* Materials provided
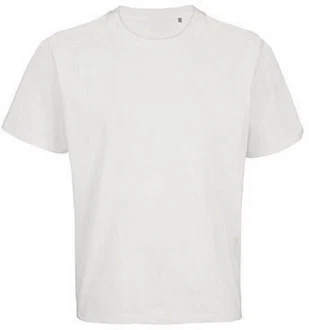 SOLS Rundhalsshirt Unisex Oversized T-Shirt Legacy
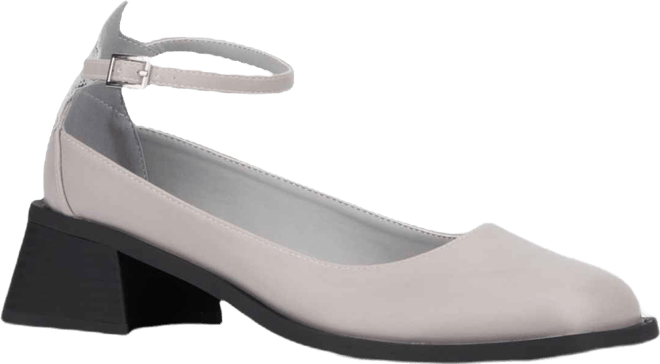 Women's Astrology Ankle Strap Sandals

---

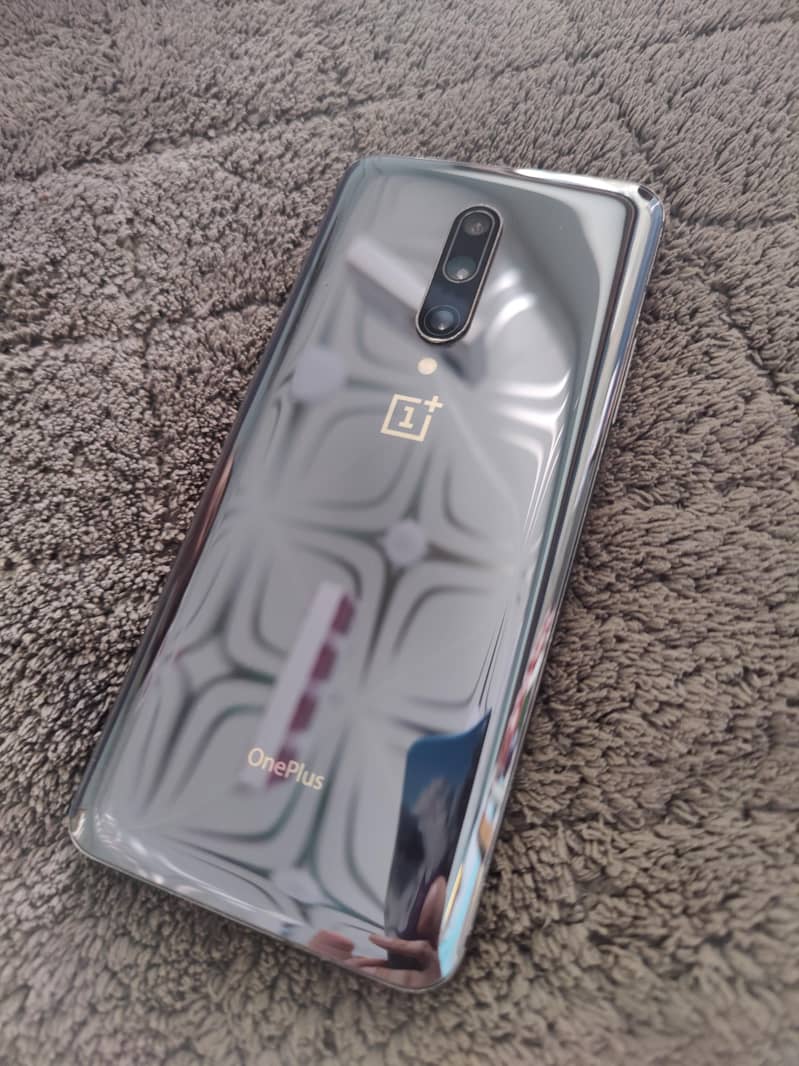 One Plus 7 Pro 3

* Task objective
Look above for the line with "SOLS Rundhalsshirt Unisex" and the line with "Women's Astrology Ankle Strap Sandals"; set down those two lines and all lines between them exactly, without pictures and without anything else.

* Task result
 SOLS Rundhalsshirt Unisex Oversized T-Shirt Legacy
 Women's Astrology Ankle Strap Sandals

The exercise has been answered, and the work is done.